Given data:
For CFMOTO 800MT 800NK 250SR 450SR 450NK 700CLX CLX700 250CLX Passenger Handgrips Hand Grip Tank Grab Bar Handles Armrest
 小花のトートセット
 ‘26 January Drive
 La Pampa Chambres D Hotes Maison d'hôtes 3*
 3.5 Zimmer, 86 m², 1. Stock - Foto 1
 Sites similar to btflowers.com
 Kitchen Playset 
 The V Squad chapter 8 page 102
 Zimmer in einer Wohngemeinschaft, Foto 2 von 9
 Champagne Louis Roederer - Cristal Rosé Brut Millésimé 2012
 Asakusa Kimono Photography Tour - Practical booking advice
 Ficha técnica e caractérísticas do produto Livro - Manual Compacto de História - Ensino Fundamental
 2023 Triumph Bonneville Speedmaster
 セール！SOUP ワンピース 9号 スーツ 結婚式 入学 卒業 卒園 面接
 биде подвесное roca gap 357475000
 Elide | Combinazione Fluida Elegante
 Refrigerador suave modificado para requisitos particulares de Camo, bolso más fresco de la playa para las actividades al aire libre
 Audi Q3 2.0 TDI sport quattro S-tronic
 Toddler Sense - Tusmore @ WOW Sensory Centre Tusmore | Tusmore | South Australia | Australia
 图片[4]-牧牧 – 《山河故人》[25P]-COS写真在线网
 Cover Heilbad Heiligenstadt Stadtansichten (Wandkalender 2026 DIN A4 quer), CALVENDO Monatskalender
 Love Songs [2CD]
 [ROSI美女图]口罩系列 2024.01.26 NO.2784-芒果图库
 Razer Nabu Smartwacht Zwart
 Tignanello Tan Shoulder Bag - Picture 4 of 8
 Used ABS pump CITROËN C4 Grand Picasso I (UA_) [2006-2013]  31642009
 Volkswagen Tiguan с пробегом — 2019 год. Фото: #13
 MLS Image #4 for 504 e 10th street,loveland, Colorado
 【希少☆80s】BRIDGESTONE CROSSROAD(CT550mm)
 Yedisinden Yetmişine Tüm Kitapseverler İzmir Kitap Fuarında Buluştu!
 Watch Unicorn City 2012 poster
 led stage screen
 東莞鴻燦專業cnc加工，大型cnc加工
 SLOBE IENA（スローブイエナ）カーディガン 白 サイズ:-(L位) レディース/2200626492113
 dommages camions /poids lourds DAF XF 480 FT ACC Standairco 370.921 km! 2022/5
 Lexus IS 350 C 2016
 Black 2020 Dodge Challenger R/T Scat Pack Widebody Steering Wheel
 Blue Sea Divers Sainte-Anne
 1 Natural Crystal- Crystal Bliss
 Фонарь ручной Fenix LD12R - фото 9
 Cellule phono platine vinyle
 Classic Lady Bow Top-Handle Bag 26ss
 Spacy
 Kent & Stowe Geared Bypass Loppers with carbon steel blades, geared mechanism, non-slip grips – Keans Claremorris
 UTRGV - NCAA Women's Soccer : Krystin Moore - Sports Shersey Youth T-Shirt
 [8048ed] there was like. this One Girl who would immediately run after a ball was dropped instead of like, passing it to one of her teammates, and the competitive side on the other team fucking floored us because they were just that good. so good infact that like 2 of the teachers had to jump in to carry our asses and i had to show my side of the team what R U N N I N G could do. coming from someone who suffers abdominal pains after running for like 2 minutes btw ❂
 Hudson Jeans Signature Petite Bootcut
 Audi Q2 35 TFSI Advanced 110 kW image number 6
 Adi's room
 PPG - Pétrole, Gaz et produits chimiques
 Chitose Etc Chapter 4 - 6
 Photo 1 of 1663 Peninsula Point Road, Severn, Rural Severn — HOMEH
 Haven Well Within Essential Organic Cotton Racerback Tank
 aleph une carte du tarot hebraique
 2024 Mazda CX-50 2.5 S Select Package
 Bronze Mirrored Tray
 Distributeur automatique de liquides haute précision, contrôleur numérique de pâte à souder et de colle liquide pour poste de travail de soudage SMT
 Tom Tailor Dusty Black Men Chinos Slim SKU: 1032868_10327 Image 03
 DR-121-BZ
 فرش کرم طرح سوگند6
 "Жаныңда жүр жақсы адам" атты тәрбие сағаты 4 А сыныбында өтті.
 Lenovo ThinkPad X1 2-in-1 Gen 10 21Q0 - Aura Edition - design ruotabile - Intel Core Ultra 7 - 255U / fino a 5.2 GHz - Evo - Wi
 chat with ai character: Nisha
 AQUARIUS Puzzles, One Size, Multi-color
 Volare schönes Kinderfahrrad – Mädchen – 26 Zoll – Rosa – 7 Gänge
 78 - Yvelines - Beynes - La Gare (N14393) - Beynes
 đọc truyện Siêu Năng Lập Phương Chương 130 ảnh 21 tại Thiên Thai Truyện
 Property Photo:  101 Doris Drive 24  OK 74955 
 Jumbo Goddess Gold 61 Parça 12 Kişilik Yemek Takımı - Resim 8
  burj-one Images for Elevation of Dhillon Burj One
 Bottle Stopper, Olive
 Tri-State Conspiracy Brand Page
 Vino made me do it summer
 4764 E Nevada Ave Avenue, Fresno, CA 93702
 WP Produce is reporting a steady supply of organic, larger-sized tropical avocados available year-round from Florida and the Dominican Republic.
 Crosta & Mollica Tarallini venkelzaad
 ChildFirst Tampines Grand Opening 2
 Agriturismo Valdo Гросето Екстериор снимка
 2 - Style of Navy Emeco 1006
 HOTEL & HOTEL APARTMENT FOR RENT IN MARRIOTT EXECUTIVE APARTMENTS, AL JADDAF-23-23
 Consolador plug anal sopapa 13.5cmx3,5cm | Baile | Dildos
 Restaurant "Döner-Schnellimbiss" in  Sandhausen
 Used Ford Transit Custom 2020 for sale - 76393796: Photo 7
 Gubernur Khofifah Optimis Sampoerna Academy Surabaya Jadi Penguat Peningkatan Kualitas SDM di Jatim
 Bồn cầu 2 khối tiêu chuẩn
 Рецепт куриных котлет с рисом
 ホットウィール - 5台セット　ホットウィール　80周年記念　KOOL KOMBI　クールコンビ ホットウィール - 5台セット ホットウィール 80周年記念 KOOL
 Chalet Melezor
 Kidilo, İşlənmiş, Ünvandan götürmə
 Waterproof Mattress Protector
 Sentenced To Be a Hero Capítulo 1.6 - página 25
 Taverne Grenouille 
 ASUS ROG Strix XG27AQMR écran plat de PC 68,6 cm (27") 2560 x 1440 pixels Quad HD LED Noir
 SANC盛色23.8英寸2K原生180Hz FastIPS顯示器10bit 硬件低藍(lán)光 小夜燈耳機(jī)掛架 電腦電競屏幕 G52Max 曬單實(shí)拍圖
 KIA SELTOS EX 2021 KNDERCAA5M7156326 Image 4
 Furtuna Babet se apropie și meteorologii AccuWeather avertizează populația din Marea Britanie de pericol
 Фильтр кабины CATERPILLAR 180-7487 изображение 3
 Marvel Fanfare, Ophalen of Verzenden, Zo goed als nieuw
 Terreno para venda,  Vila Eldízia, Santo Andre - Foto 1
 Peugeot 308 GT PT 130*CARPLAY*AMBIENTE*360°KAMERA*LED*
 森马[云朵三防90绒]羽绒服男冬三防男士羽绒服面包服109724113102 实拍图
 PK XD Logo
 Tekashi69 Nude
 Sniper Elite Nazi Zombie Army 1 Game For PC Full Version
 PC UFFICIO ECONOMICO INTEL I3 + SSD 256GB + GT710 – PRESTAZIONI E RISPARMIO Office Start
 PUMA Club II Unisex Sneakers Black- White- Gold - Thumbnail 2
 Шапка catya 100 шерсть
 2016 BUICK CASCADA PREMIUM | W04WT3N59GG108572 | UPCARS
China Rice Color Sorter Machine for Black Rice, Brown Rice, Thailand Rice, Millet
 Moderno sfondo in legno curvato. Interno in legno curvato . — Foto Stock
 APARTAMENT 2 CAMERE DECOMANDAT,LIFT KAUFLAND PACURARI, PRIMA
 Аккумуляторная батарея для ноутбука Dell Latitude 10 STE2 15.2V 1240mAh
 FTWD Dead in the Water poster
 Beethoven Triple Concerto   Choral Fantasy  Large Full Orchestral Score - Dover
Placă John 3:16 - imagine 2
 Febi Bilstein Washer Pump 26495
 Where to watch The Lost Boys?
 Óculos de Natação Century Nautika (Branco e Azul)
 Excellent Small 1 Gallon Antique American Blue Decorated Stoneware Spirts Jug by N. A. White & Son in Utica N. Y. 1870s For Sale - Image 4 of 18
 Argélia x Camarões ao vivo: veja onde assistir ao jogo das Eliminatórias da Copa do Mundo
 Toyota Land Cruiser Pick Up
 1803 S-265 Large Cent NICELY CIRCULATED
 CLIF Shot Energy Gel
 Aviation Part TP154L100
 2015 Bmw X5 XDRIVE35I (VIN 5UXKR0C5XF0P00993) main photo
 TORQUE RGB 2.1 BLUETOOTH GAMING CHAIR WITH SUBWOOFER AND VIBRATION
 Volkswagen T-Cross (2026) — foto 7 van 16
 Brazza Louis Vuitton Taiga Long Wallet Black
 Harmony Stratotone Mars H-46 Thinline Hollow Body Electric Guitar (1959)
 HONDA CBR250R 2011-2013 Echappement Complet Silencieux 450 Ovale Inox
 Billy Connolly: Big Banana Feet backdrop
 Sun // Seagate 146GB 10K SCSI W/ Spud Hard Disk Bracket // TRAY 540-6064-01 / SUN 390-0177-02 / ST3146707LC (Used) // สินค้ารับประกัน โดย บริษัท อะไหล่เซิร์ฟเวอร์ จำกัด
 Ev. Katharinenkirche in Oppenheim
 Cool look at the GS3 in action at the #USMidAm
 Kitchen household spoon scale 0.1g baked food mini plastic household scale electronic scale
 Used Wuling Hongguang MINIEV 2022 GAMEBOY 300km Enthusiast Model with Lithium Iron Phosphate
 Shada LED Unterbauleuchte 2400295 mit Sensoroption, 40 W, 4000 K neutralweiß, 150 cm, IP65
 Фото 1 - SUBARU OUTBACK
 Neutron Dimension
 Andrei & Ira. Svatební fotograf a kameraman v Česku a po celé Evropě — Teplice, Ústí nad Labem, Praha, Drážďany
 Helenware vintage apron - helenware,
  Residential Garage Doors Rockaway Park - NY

What is required: Within the data above, how many lines contain the word "Gold"? Write only the number.

Result: 2